■ Goal of the exercise:
Give every entry below again, exactly as written, and skip the images.

Caption-style text data
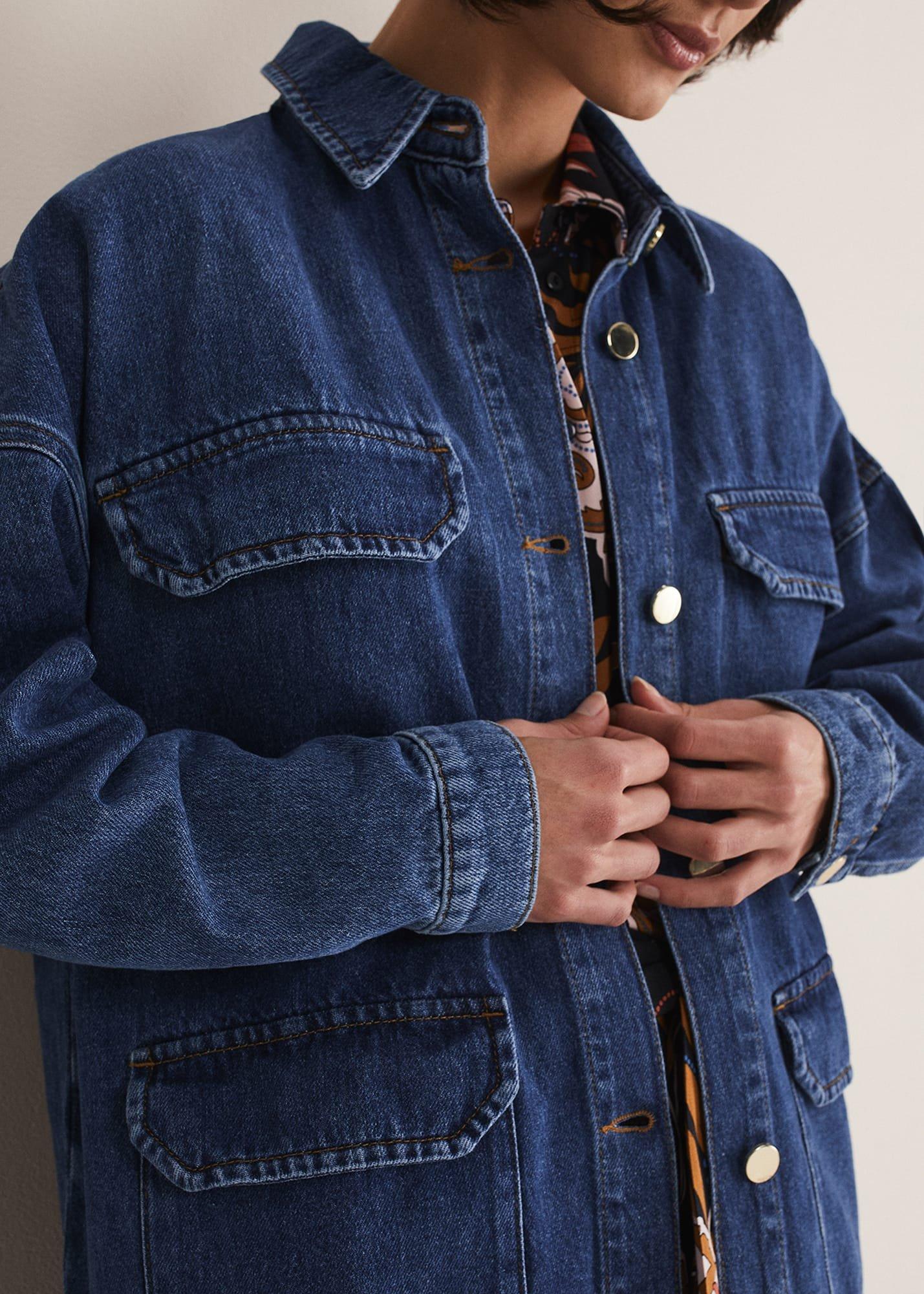 Tianna Oversized Denim Shacket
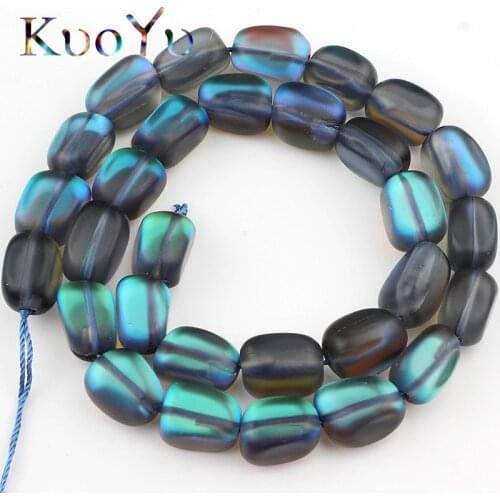 10mm Frosted Matte Black Flash Crystal MoonStone Glitter Oval Loose Spacer Beads For Jewelry Making Design Fashion Diy Bracelets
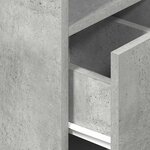 vidaXL Tables de chevet 2 Pièces avec tiroir gris béton 25x31x66 cm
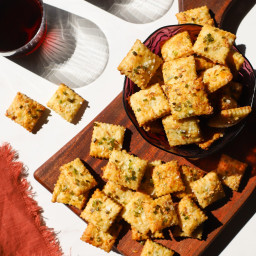 Cheesy Chive & Onion Crackers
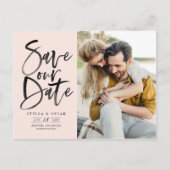 赤面水彩筆の書道救の日付 案内ポストカード (正面)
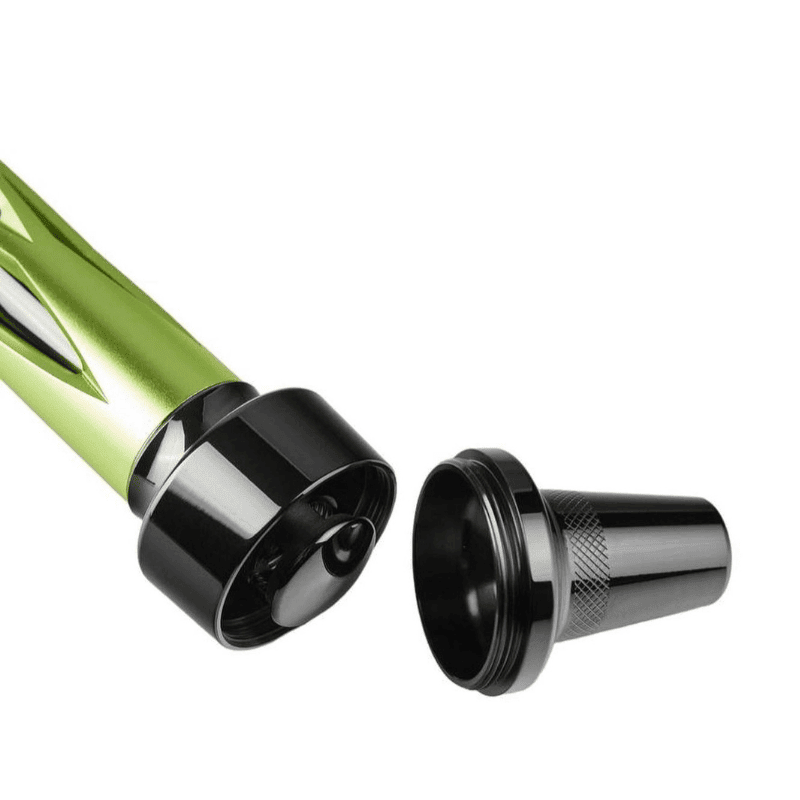 Cachimba Blade Hookah One M Limited Edition Lime rusa con plato ajustable a presión y purga 360°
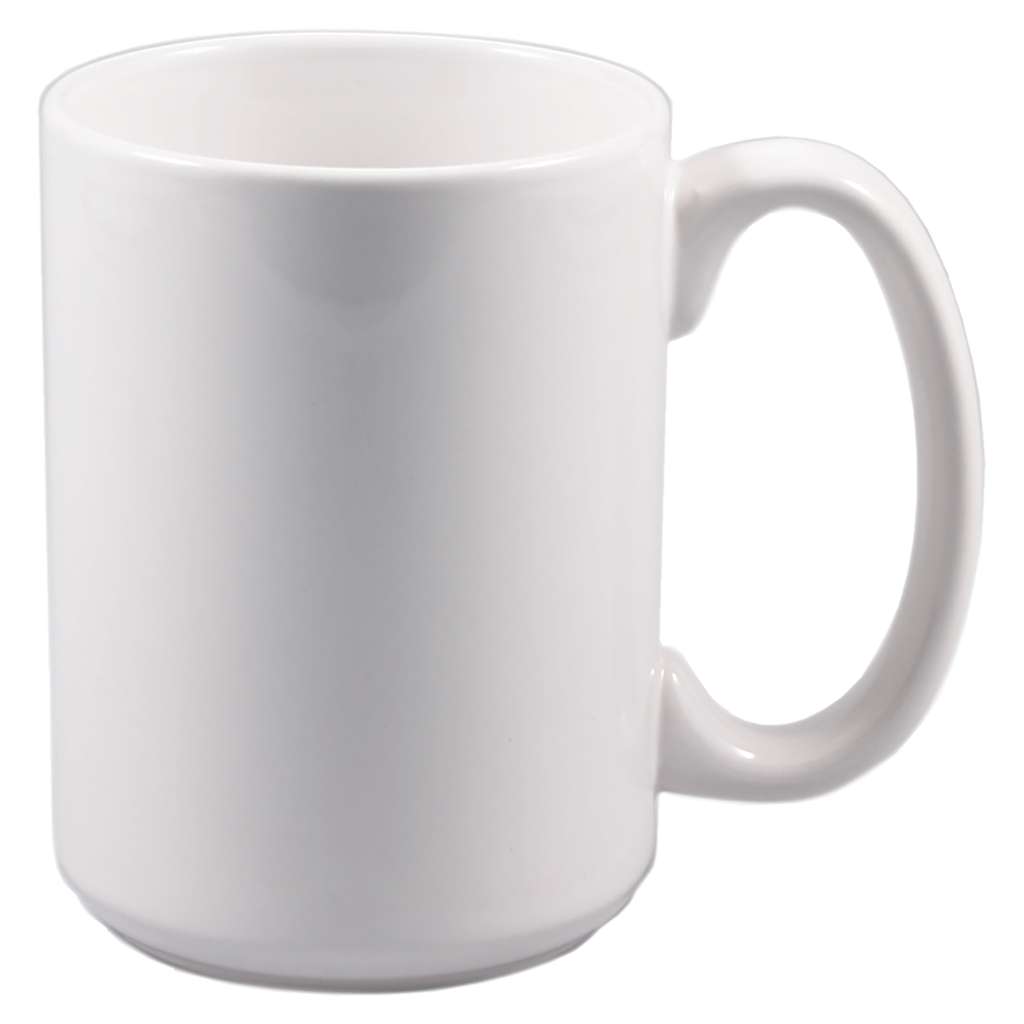 [301001011500002] Lumina 15 oz. White Ceramic Mug - SUB-MUG-15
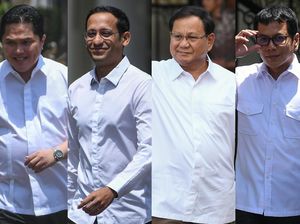 Makna Psikologis di Balik Kemeja Putih Para Calon Menteri Jokowi Makna Psikologis di Balik Kemeja Putih Para Calon Menteri Jokowi
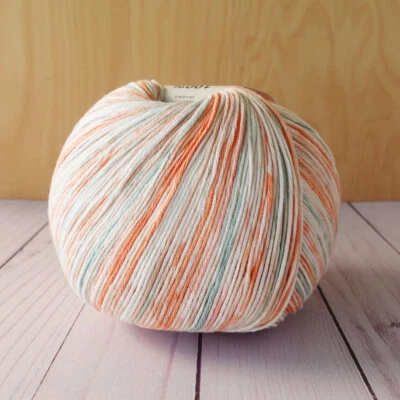 Katia Mimosa ~ Lot of 2 ~ #300 Salmon ~ 100% Cotton ~ Variegated ~ Super Soft - Image 1 of 4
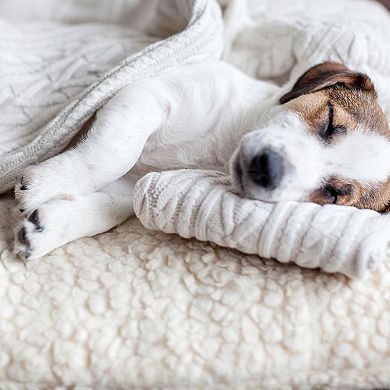 PetMaker Dog Bed Replacement Cover Duvet with Sherpa Top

■ Solution to this problem:
 Tianna Oversized Denim Shacket
 10mm Frosted Matte Black Flash Crystal MoonStone Glitter Oval Loose Spacer Beads For Jewelry Making Design Fashion Diy Bracelets
 vidaXL Tables de chevet 2 Pièces avec tiroir gris béton 25x31x66 cm
 Cheesy Chive & Onion Crackers
 赤面水彩筆の書道救の日付 案内ポストカード (正面)
 Cachimba Blade Hookah One M Limited Edition Lime rusa con plato ajustable a presión y purga 360°
 [301001011500002] Lumina 15 oz. White Ceramic Mug - SUB-MUG-15
 Makna Psikologis di Balik Kemeja Putih Para Calon Menteri Jokowi Makna Psikologis di Balik Kemeja Putih Para Calon Menteri Jokowi
 Katia Mimosa ~ Lot of 2 ~ #300 Salmon ~ 100% Cotton ~ Variegated ~ Super Soft - Image 1 of 4
 PetMaker Dog Bed Replacement Cover Duvet with Sherpa Top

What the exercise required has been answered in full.